The White Pines Wind Project is a 29-turbine wind farm proposed for southern Prince Edward County in the Eastern Lake Ontario Basin. Twelve turbines would be on Long Point, the easternmost peninsula of Prince Edward County, within an Important Bird and Biodiversity Area. Another six turbines are in and around an adjacent significant wetland feature. The area is famous for its wide variety of rare wildlife.
The Important Bird and Biodiversity Area (IBA) program is an international conservation initiative coordinated by BirdLife International. IBAs are discrete sites that support the world’s birds by providing habitat for threatened birds, large groups of birds, and birds that need special types of habitat to survive. There are 600 IBAs in Canada and more than 12,000 IBAs worldwide.
Both Ontario’s Environmental Commissioner and a Senate committee have concluded that wind projects should not be located in IBAs. In spite of this, about two thirds of Canada’s IBAs do not have legally protected status and are vulnerable to development projects like White Pines.
Normally, when proponents seek to develop an area, they hire surveyors to identify its natural features and wildlife. They use this information to anticipate how the project could harm wildlife—especially at-risk wildlife. Next, they develop a strategy to minimize that harm through mitigation. wpd’s consultants visited Prince Edward County and found numerous Golden Eagles, Whippoorwills, and two Peregrine Falcons—all species at risk in Ontario. However, upon review of wpd’s environmental report, this information is nowhere to be found.
“Frankly, we’re at a loss. How could wpd possibly fail to include golden eagles and whippoorwills in its Natural Heritage Assessment?” Says Ted Cheskey, Nature Canada’s Manager of Bird Conservation. “wpd must have known that the permit for the nearby proposed Ostrander Wind Project was overturned by the Environmental Review Tribunal on the basis of serious and irreversible harm to another species at risk, the Blanding’s Turtle.”

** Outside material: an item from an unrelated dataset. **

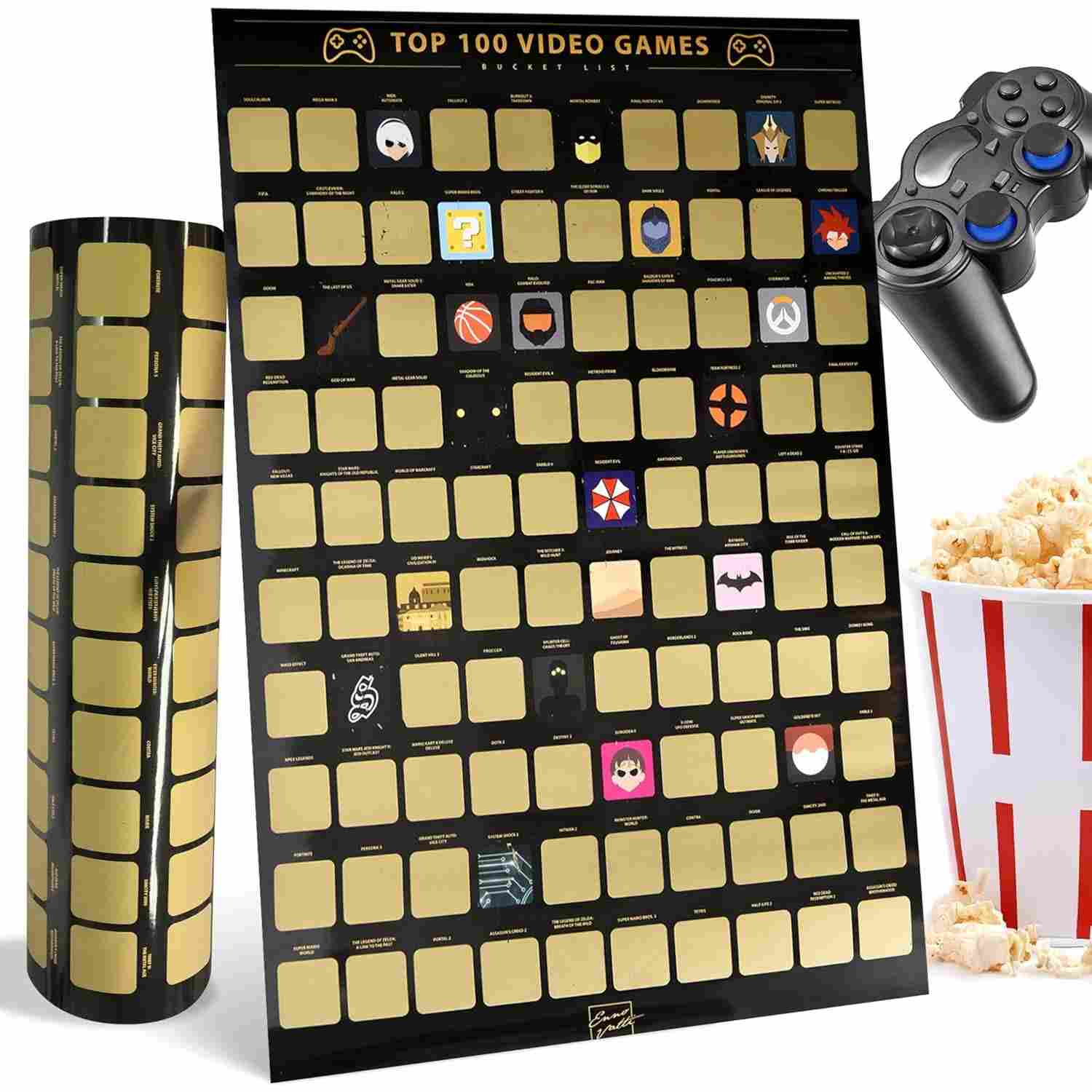 Pôster de Raspadinha dos 100 Melhores Videogames - Experiência Interativa para Fãs de Games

The project is currently being reviewed by the Ontario Ministry of the Environment.
About Nature Canada and Ontario Nature
Nature Canada is the oldest national nature conservation charity in Canada. Over the past 75 years, Nature Canada has helped protect over 63 million acres of parks and wildlife areas in Canada and the countless species that depend on this habitat. Today, we represent a network of over 45,000 members and supporters and more than 350 nature organizations in every province across Canada.
Nature Canada supported the Prince Edward County Field Naturalists’ (PECFN) appeal to overturn a decision of the Ministry of the Environment to build a wind farm in a globally significant IBA at Ostrander Point.
Ontario Nature is a charitable organization representing more than 30,000 members and supporters and almost 150 member groups from across Ontario. Ontario Nature protects wild species and wild spaces through conservation, education and public engagement.